====== DATA ======

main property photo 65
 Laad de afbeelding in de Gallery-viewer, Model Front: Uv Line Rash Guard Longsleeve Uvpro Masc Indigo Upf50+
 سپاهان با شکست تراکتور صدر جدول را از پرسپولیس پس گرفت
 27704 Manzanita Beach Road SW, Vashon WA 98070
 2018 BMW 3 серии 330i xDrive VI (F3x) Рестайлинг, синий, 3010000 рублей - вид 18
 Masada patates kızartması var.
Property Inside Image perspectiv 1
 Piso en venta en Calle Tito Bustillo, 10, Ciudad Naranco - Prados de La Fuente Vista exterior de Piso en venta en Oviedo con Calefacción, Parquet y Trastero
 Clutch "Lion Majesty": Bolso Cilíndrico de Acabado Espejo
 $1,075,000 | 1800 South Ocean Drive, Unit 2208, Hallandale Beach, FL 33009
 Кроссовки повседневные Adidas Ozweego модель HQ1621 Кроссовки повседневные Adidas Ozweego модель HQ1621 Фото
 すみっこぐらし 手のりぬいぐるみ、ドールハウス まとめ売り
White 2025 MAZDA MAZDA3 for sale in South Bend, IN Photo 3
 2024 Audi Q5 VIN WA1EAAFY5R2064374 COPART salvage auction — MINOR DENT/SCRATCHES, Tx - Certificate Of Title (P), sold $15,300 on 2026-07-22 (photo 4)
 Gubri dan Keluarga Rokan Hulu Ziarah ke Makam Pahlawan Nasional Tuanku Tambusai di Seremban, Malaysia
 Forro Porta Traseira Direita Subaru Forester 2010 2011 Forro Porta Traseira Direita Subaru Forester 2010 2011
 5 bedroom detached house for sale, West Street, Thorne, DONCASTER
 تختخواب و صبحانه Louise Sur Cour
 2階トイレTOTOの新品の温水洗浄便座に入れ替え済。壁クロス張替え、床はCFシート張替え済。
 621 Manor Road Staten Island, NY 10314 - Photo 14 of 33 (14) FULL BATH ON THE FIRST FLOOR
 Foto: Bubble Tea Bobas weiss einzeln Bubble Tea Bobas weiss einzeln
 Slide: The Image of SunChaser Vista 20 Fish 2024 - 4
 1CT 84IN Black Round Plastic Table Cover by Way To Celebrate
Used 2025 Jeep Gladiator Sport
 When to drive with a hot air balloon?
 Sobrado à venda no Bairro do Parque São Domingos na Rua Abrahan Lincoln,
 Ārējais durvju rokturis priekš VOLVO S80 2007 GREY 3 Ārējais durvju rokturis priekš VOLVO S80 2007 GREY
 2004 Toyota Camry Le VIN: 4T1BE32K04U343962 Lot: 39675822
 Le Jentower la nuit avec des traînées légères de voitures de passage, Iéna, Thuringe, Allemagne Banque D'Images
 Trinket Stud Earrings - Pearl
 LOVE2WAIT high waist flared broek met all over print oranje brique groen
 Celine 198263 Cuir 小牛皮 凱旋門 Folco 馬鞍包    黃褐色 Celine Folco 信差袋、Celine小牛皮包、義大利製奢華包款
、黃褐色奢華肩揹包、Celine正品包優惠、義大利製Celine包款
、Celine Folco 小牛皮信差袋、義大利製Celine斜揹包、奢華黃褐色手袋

======

> [TASK REQUIREMENTS]
Give back all of the data above without any alteration.

> [RESPONSE BOX]
main property photo 65
 Laad de afbeelding in de Gallery-viewer, Model Front: Uv Line Rash Guard Longsleeve Uvpro Masc Indigo Upf50+
 سپاهان با شکست تراکتور صدر جدول را از پرسپولیس پس گرفت
 27704 Manzanita Beach Road SW, Vashon WA 98070
 2018 BMW 3 серии 330i xDrive VI (F3x) Рестайлинг, синий, 3010000 рублей - вид 18
 Masada patates kızartması var.
Property Inside Image perspectiv 1
 Piso en venta en Calle Tito Bustillo, 10, Ciudad Naranco - Prados de La Fuente Vista exterior de Piso en venta en Oviedo con Calefacción, Parquet y Trastero
 Clutch "Lion Majesty": Bolso Cilíndrico de Acabado Espejo
 $1,075,000 | 1800 South Ocean Drive, Unit 2208, Hallandale Beach, FL 33009
 Кроссовки повседневные Adidas Ozweego модель HQ1621 Кроссовки повседневные Adidas Ozweego модель HQ1621 Фото
 すみっこぐらし 手のりぬいぐるみ、ドールハウス まとめ売り
White 2025 MAZDA MAZDA3 for sale in South Bend, IN Photo 3
 2024 Audi Q5 VIN WA1EAAFY5R2064374 COPART salvage auction — MINOR DENT/SCRATCHES, Tx - Certificate Of Title (P), sold $15,300 on 2026-07-22 (photo 4)
 Gubri dan Keluarga Rokan Hulu Ziarah ke Makam Pahlawan Nasional Tuanku Tambusai di Seremban, Malaysia
 Forro Porta Traseira Direita Subaru Forester 2010 2011 Forro Porta Traseira Direita Subaru Forester 2010 2011
 5 bedroom detached house for sale, West Street, Thorne, DONCASTER
 تختخواب و صبحانه Louise Sur Cour
 2階トイレTOTOの新品の温水洗浄便座に入れ替え済。壁クロス張替え、床はCFシート張替え済。
 621 Manor Road Staten Island, NY 10314 - Photo 14 of 33 (14) FULL BATH ON THE FIRST FLOOR
 Foto: Bubble Tea Bobas weiss einzeln Bubble Tea Bobas weiss einzeln
 Slide: The Image of SunChaser Vista 20 Fish 2024 - 4
 1CT 84IN Black Round Plastic Table Cover by Way To Celebrate
Used 2025 Jeep Gladiator Sport
 When to drive with a hot air balloon?
 Sobrado à venda no Bairro do Parque São Domingos na Rua Abrahan Lincoln,
 Ārējais durvju rokturis priekš VOLVO S80 2007 GREY 3 Ārējais durvju rokturis priekš VOLVO S80 2007 GREY
 2004 Toyota Camry Le VIN: 4T1BE32K04U343962 Lot: 39675822
 Le Jentower la nuit avec des traînées légères de voitures de passage, Iéna, Thuringe, Allemagne Banque D'Images
 Trinket Stud Earrings - Pearl
 LOVE2WAIT high waist flared broek met all over print oranje brique groen
 Celine 198263 Cuir 小牛皮 凱旋門 Folco 馬鞍包    黃褐色 Celine Folco 信差袋、Celine小牛皮包、義大利製奢華包款
、黃褐色奢華肩揹包、Celine正品包優惠、義大利製Celine包款
、Celine Folco 小牛皮信差袋、義大利製Celine斜揹包、奢華黃褐色手袋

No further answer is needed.